La perte de crédibilité a atteint l’opinion publique : un sondage mené dans 28 pays par le Baromètre de confiance Edelman a révélé que les personnes interrogées considéraient les entreprises comme tout aussi éthiques que les ONG et souvent plus efficaces.
Est-ce la fin des ONG ?
Les ONG ont toujours été des outils de soft power. Ne survivront que celles qui seront considérées comme utiles… aux objectifs de leur sponsor.
Une enquête du Washington Post a montré que près de 60 ONG chinoises opéraient au sein des Nations Unies comme une extension du Parti Communiste Chinois (PCC).
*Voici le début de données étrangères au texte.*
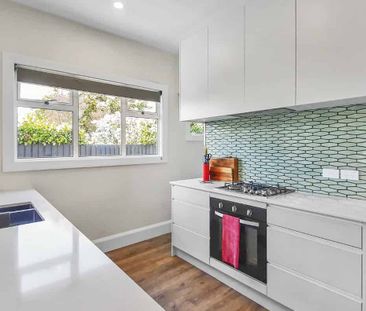 Larger Than The Average Two Bed - Photo 3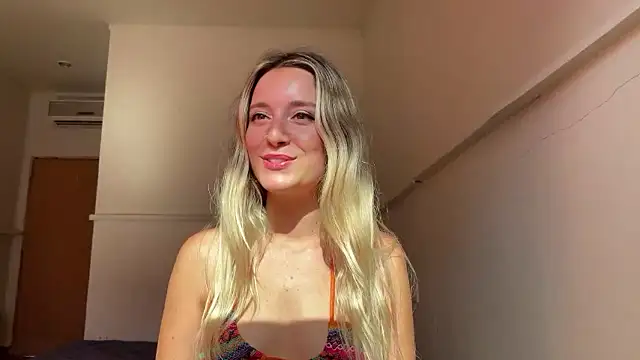 SirenaBelle naked strip on cam for live sex video chat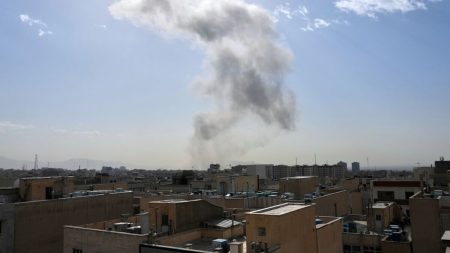 Teheranbo: Vi vet inte vad vi ska göra när iranier förbereder sig för möjligt krig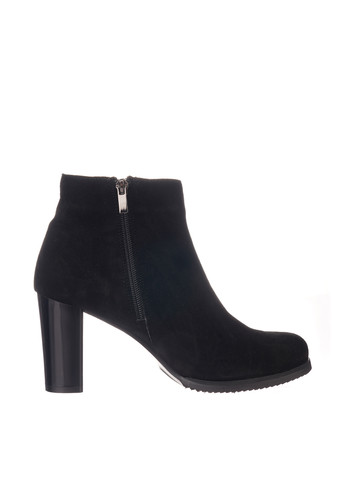 Осенние ботинки AURA без декора из натуральной замши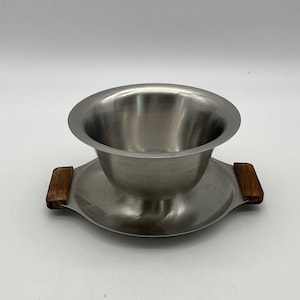 Stainless Steel and Wood Gravy Server with Attached Plate/Made in Japan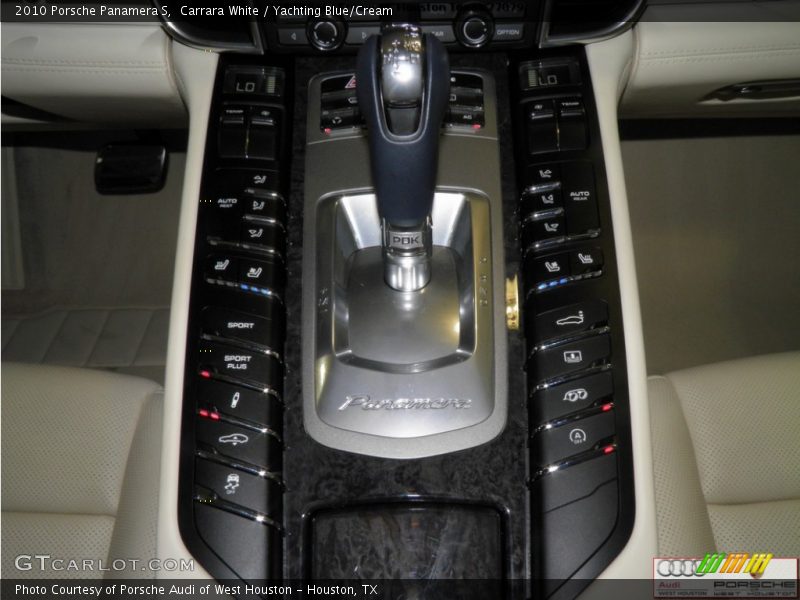 Carrara White / Yachting Blue/Cream 2010 Porsche Panamera S
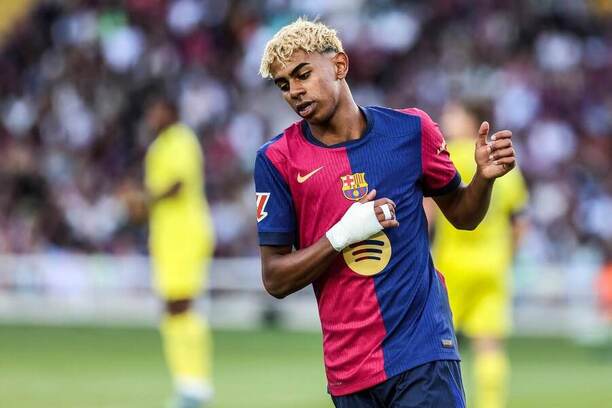 Lamine Yamal během prohry Barcelony s Villarrealem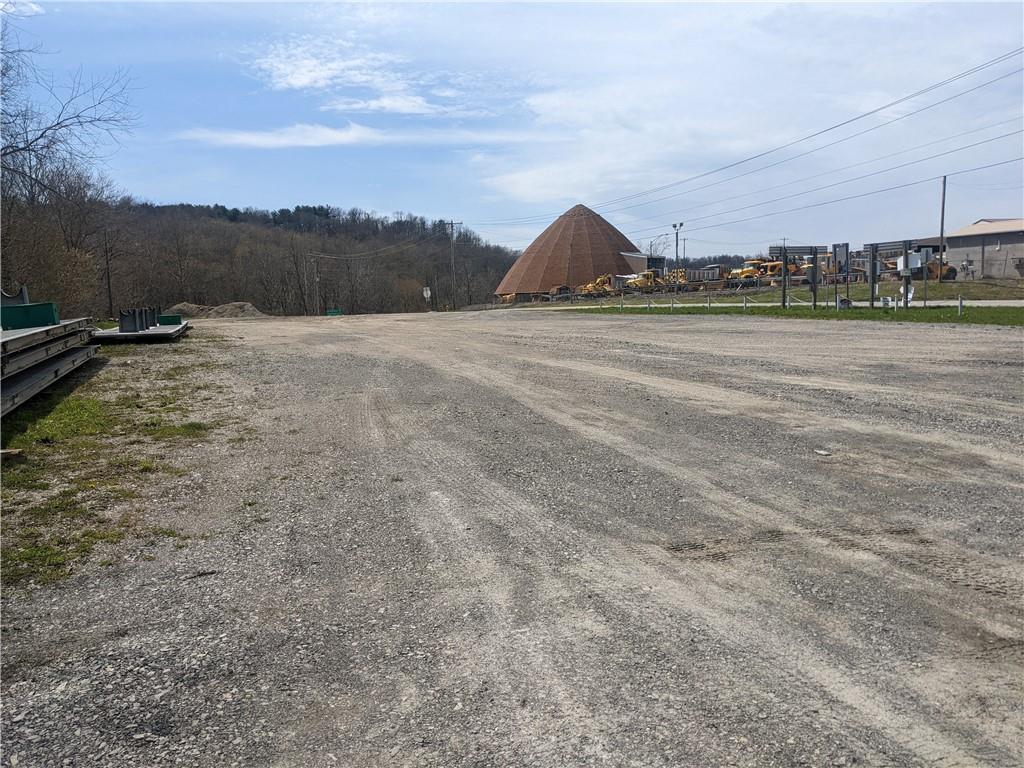1099 Jolly School Road Washington, PA 15301 - Photo 1 of 11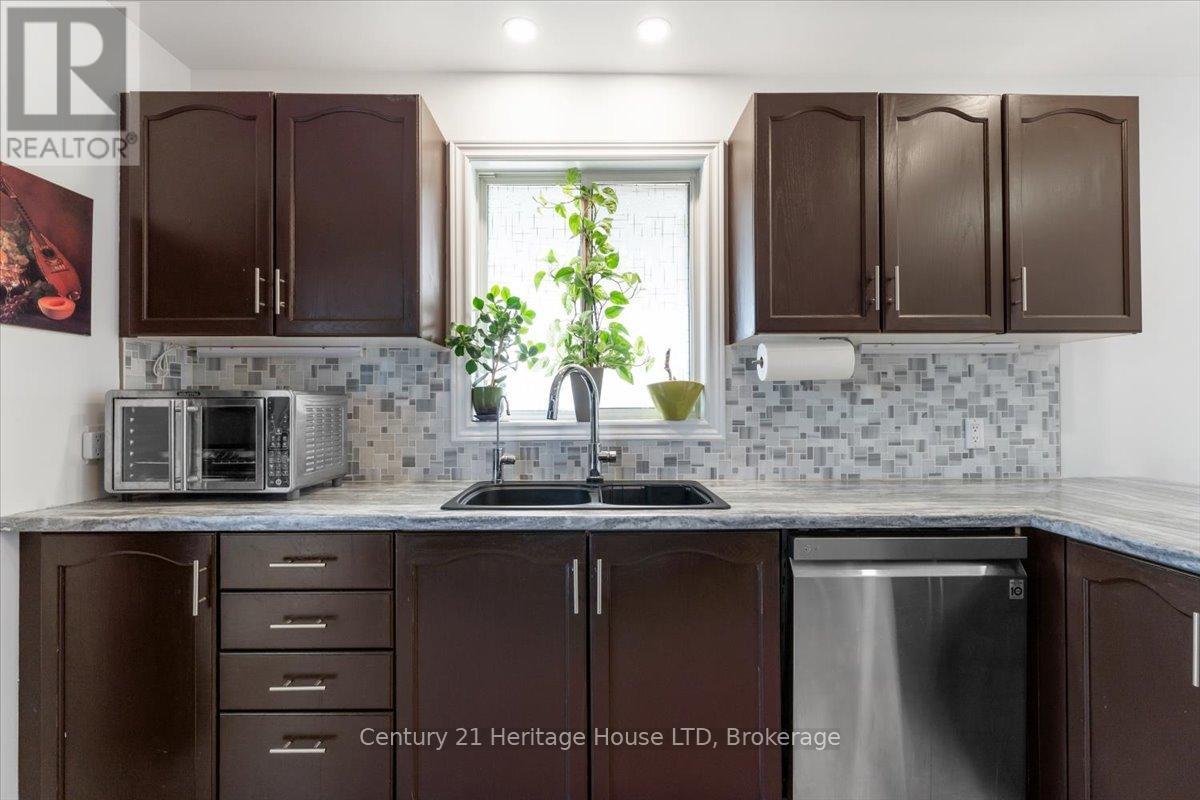 125 Gretel Place, Welland (N. Welland), ON - Indoor Photo Showing Kitchen With Double Sink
Le Qatar Fund for Development (QFFD) se présente comme une ONG à but non lucratif, mais nombreux sont ceux qui estiment que cette organisation sert de véhicule « aux stratégies diplomatiques plus larges du Qatar ».
La Fondation Russkiy Mir ou World Without Nazism financées par le Kremlin sont actives dans les diasporas russes. D’autres ONG russes « pro-famille » et « anti-LGBT », s’activent en Europe et en Afrique.
Les ONG qui ont des soucis de financement peuvent aller frapper à ces portes-là.